Extracted records:
····················
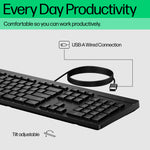 HP 125 Full-Size Wired USB Keyboard - Black - Image 3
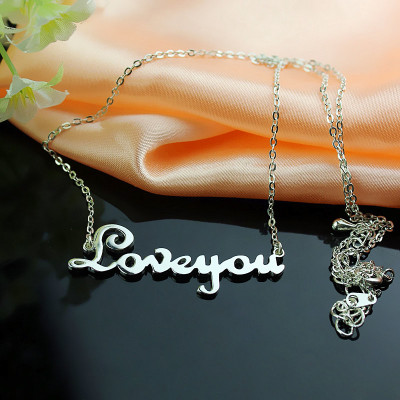 Personalised 18CT White Gold Cursive Name Necklace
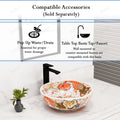 InArt Glossy Moroccan Ceramic Round Vessel Sink – Decorative Pattern, 15.75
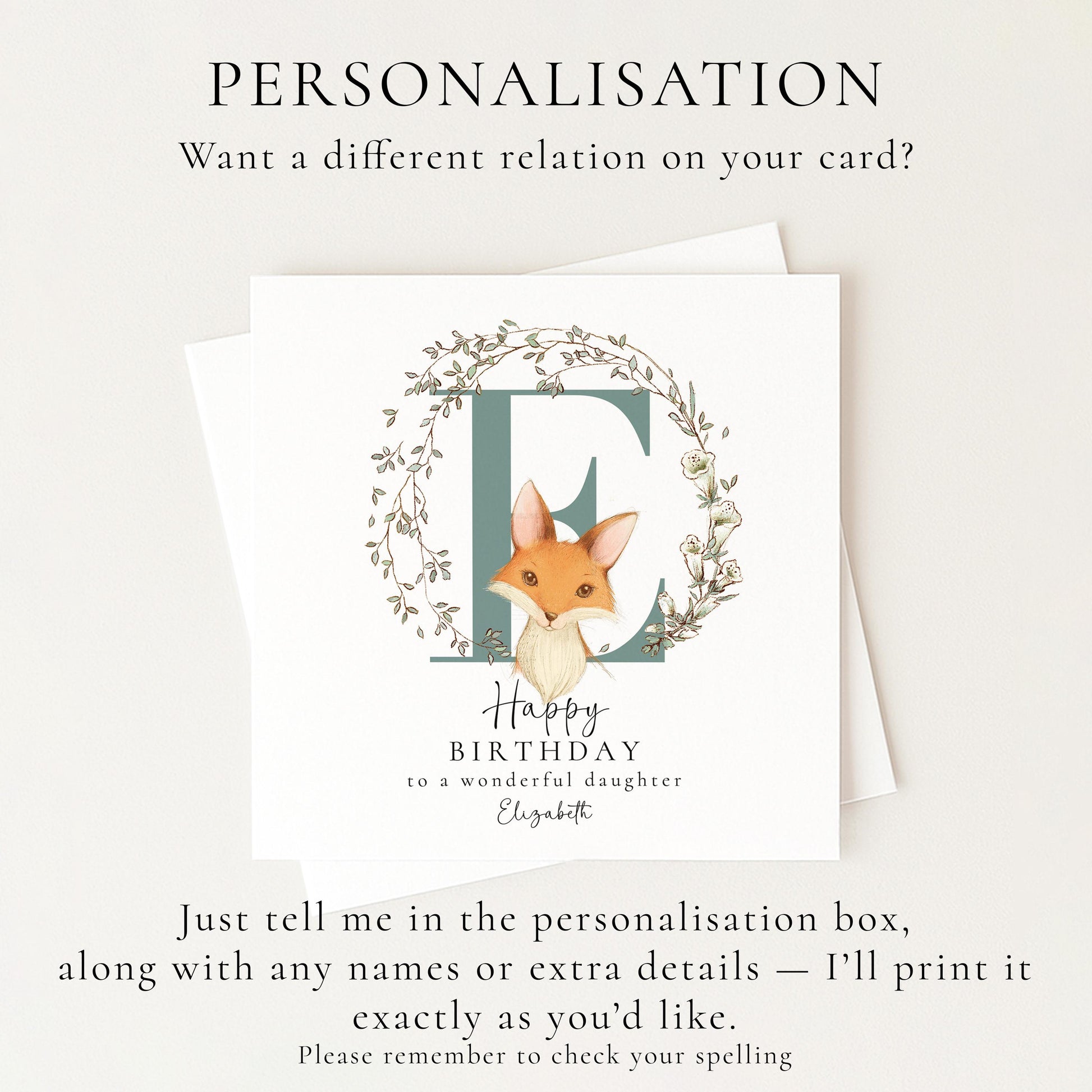 Daughter Birthday Card, Happy Birthday Daughter Card with Initial and Fox Design, Personalised Birthday Card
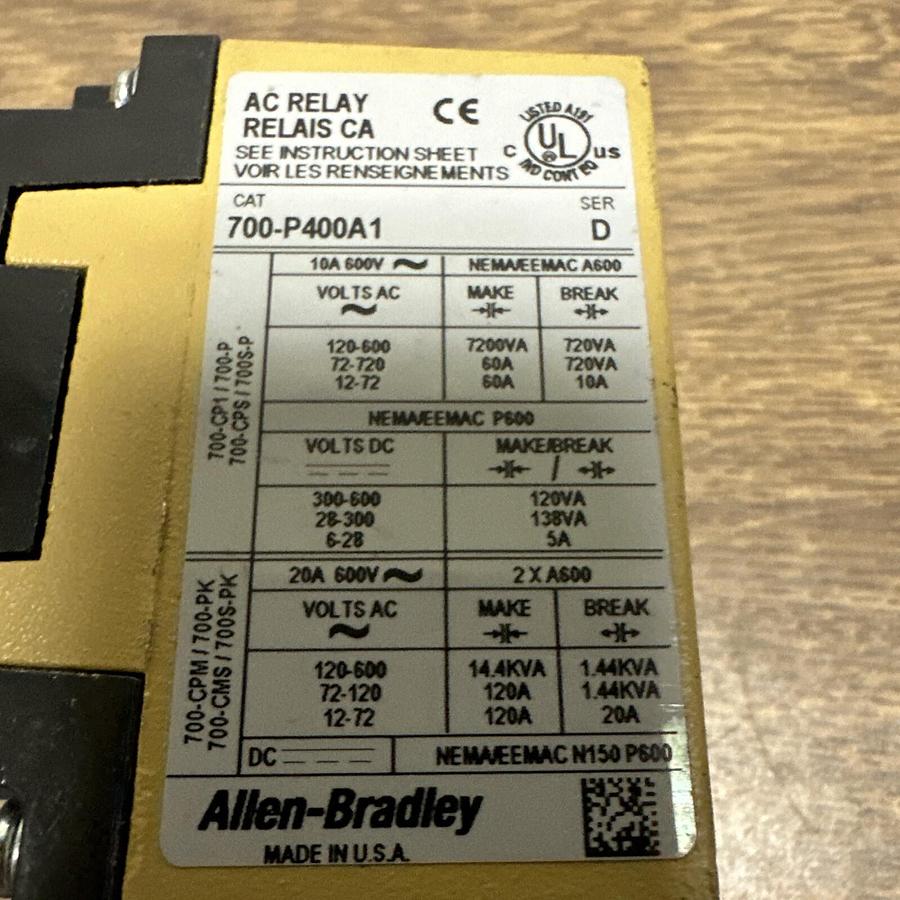 Used Allen-Bradley,700-P400A1,Ser D AC Relay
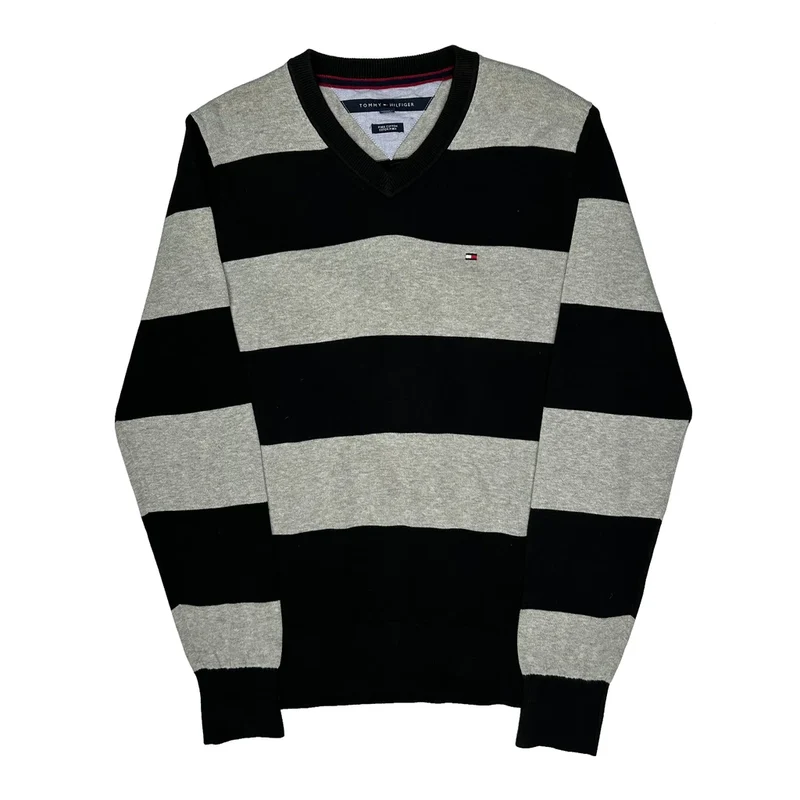 Tommy Hilfiger Striped Jumper - Medium Black Cotton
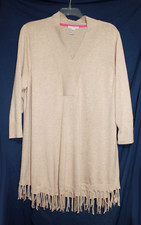 Isaac Mizrahi 2X Plus Beige Pullover Shawl Collar Fringed Tunic Sweater New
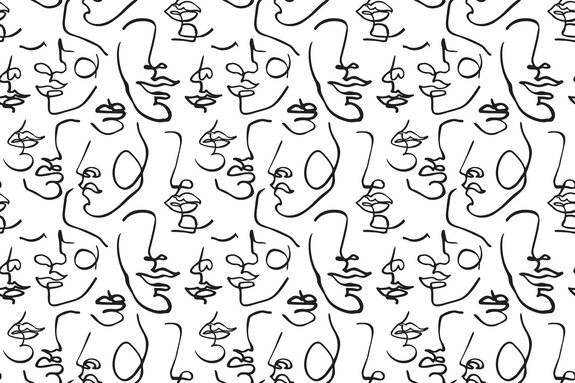 Minimalistische gesichter line art moderne abstraktion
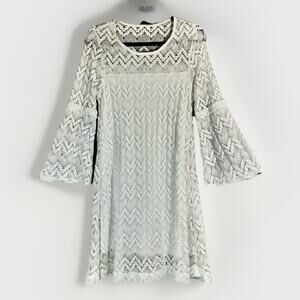 Sandra Darren Sz 8 White Lace Dress Long Bell Sleeve Boho Hippie Lined Crochet
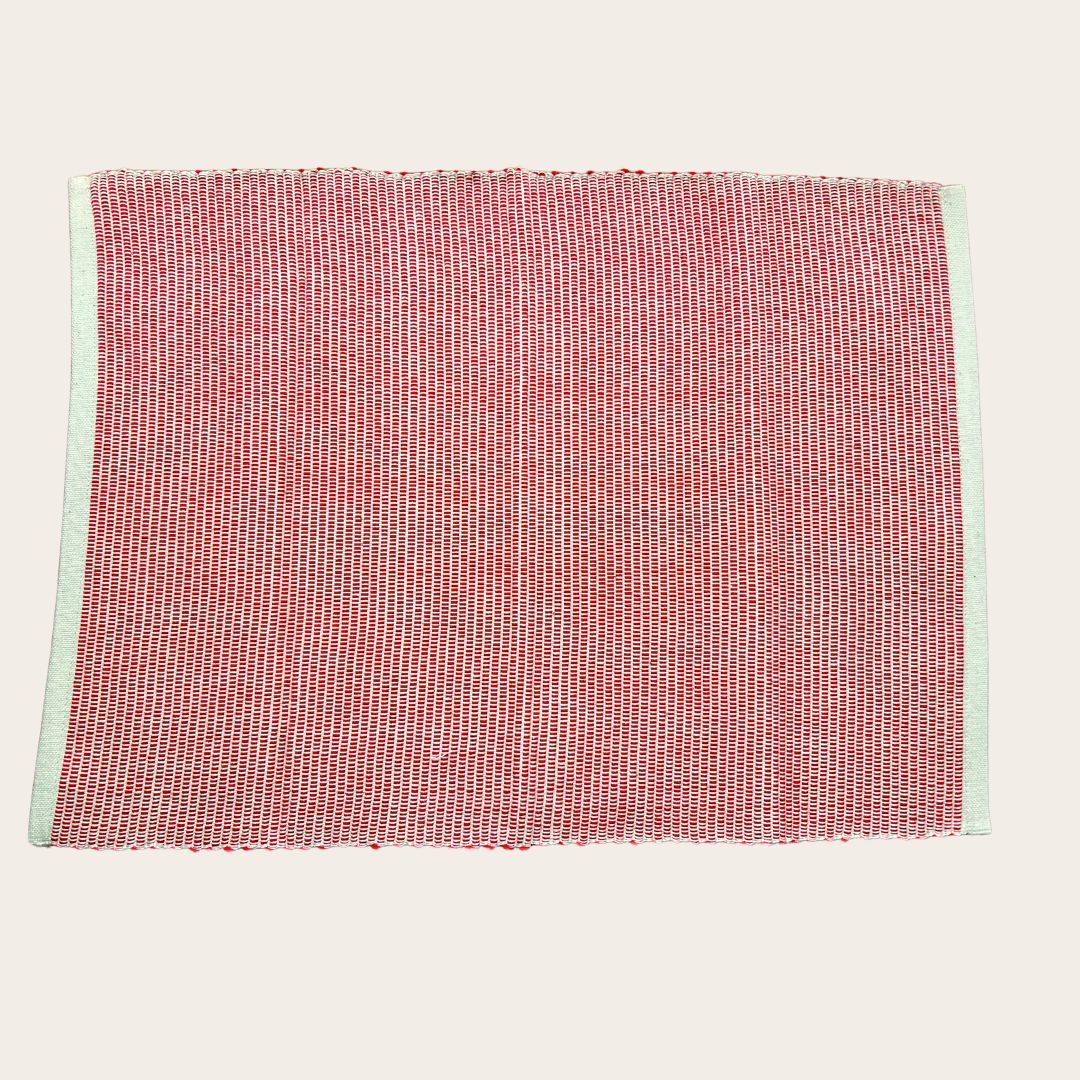 Red Handloom Placemats - Set of 6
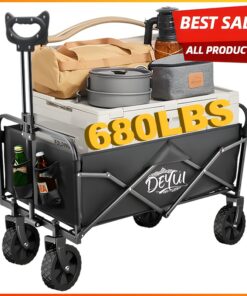 220LBS-680LBS Foldable Hand Truck, Multi-functional Luggage Cart with All-Terrain Wheels, Suitable for Beach, Lawn, Sports, Camping, Large Foldable Hand Truck, Outdoor Multi-functional Supplies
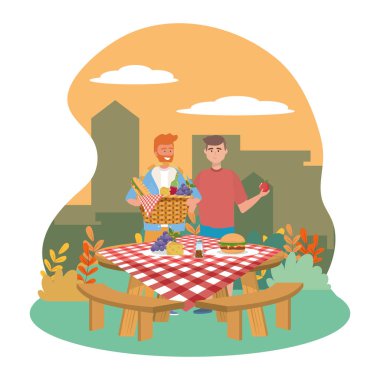 Men friends having picnic design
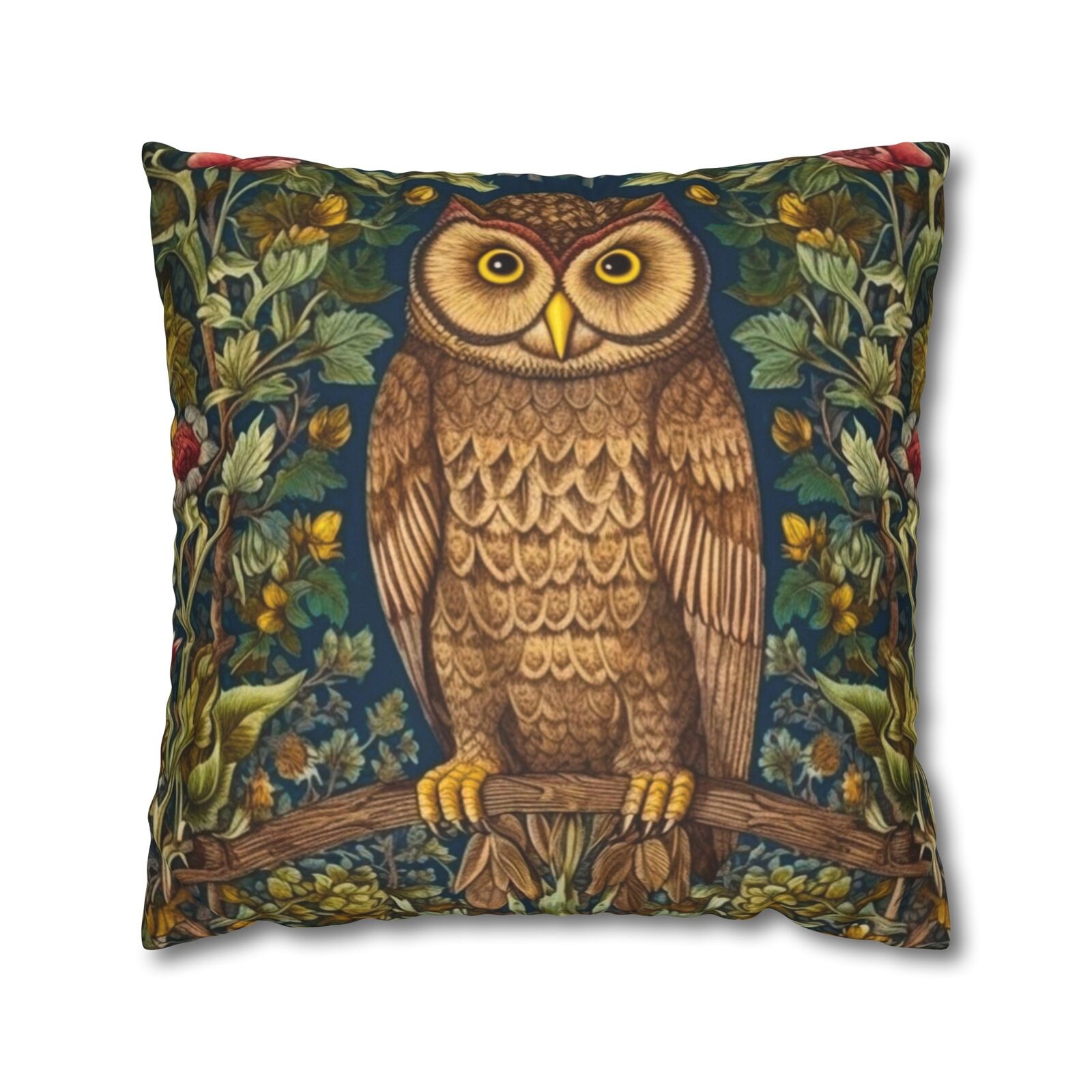 William Morris Inspired Owl Forest Decor Pillowcase, Cottagecore Owl Lover Gift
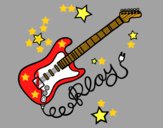 Dibujo Guitarra y estrellas pintado por pitana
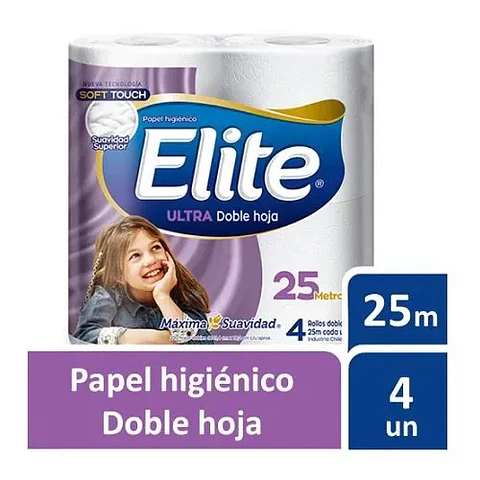 Papel higiénico Elite Ultra doble hoja 4 rollos 25m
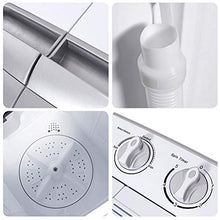 Load image into Gallery viewer, Portable Washer and Dryer,Safeplus Compact Mini Twin Tub Versatile Washing Machine with 8 lbs Washing &5 lbs Spin Dryer Load Cappacity Gravity Drain Pump and Drain Hose for apartments (gray)
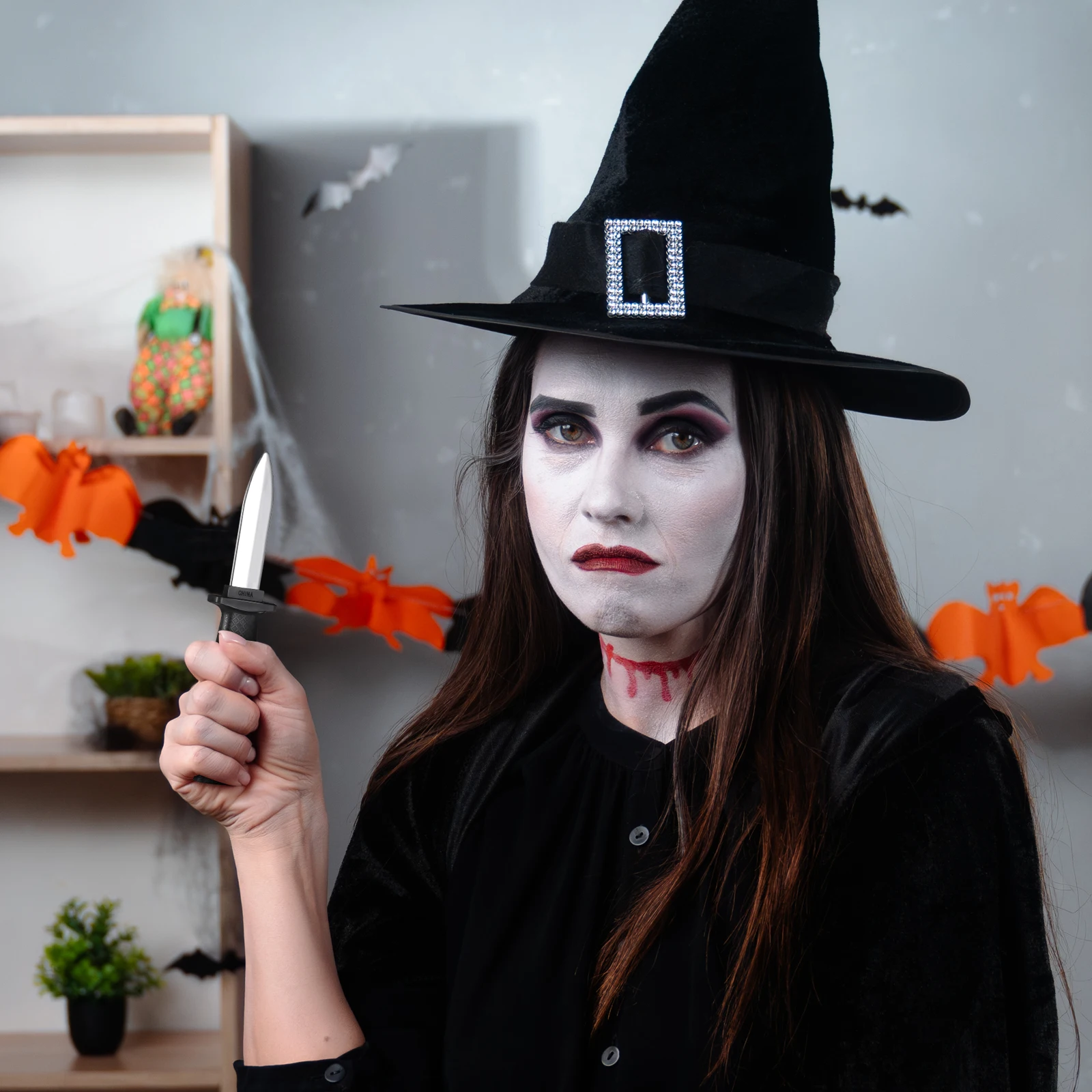 มีดปลอมพลาสติกแบบยืดหดได้ 2 ชิ้น ของเล่นแกล้งคน ฮาโลวีน ของเล่นมายากล ของขวัญ  มีดปลอมพลาสติกแบบยืดหดได้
····················
Exercise directions: Extract the full listing exactly, with the pictures left out.

Solution to this task:
 HP 125 Full-Size Wired USB Keyboard - Black - Image 3
 Personalised 18CT White Gold Cursive Name Necklace
 InArt Glossy Moroccan Ceramic Round Vessel Sink – Decorative Pattern, 15.75
 Daughter Birthday Card, Happy Birthday Daughter Card with Initial and Fox Design, Personalised Birthday Card
 Used Allen-Bradley,700-P400A1,Ser D AC Relay
 Tommy Hilfiger Striped Jumper - Medium Black Cotton
 Isaac Mizrahi 2X Plus Beige Pullover Shawl Collar Fringed Tunic Sweater New
 Minimalistische gesichter line art moderne abstraktion
 Sandra Darren Sz 8 White Lace Dress Long Bell Sleeve Boho Hippie Lined Crochet
 Red Handloom Placemats - Set of 6
 220LBS-680LBS Foldable Hand Truck, Multi-functional Luggage Cart with All-Terrain Wheels, Suitable for Beach, Lawn, Sports, Camping, Large Foldable Hand Truck, Outdoor Multi-functional Supplies
 Men friends having picnic design
 William Morris Inspired Owl Forest Decor Pillowcase, Cottagecore Owl Lover Gift
 Dibujo Guitarra y estrellas pintado por pitana
 Papel higiénico Elite Ultra doble hoja 4 rollos 25m
 Load image into Gallery viewer, Portable Washer and Dryer,Safeplus Compact Mini Twin Tub Versatile Washing Machine with 8 lbs Washing &5 lbs Spin Dryer Load Cappacity Gravity Drain Pump and Drain Hose for apartments (gray)
 มีดปลอมพลาสติกแบบยืดหดได้ 2 ชิ้น ของเล่นแกล้งคน ฮาโลวีน ของเล่นมายากล ของขวัญ  มีดปลอมพลาสติกแบบยืดหดได้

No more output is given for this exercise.